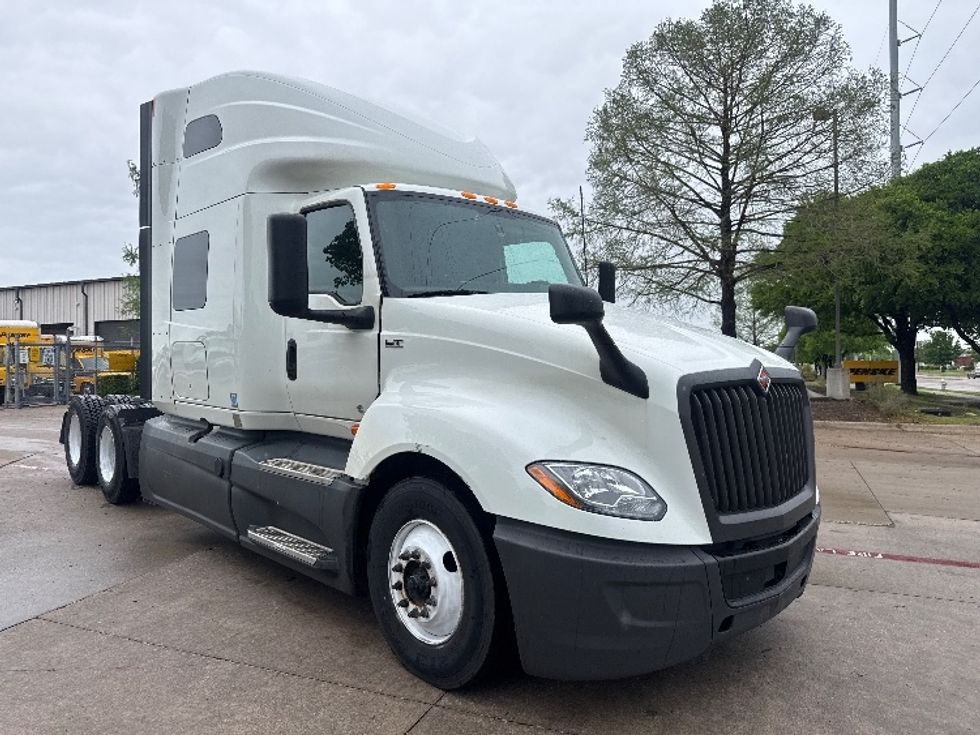 Sleeper Tractor-Heavy Duty Tractors-International-2023-LT625-Garland-TX-768,786\n\t\tmiles-$ 35,500 - Image 1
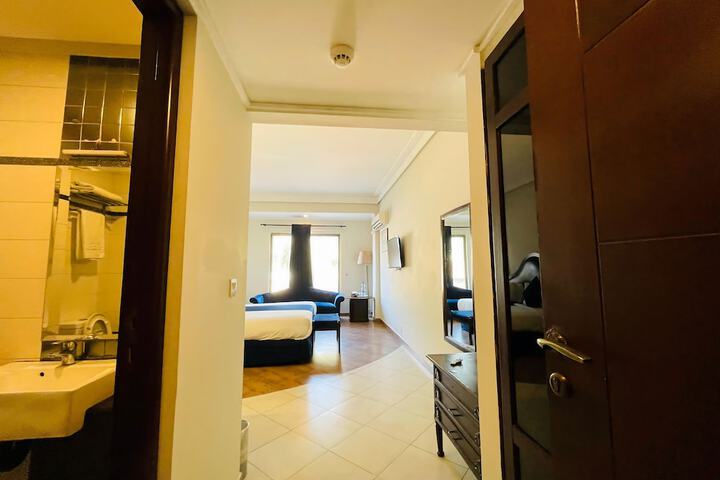 Room 38 of 61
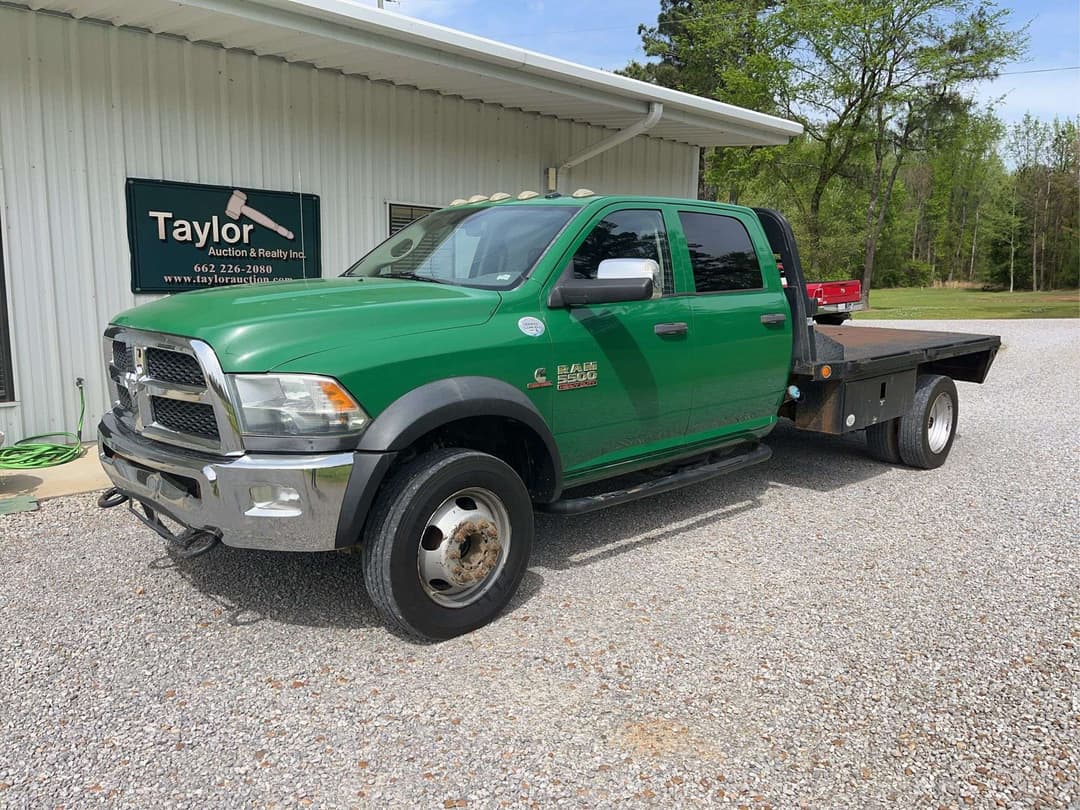 Image of Dodge Ram 5500 Primary image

***

== Aim of the exercise ==
No pictures should appear in the copy. Print exactly the lines above from the line containing "Room 38 of 61" through the last line of the data.

== Exercise result ==
 Room 38 of 61
 Image of Dodge Ram 5500 Primary image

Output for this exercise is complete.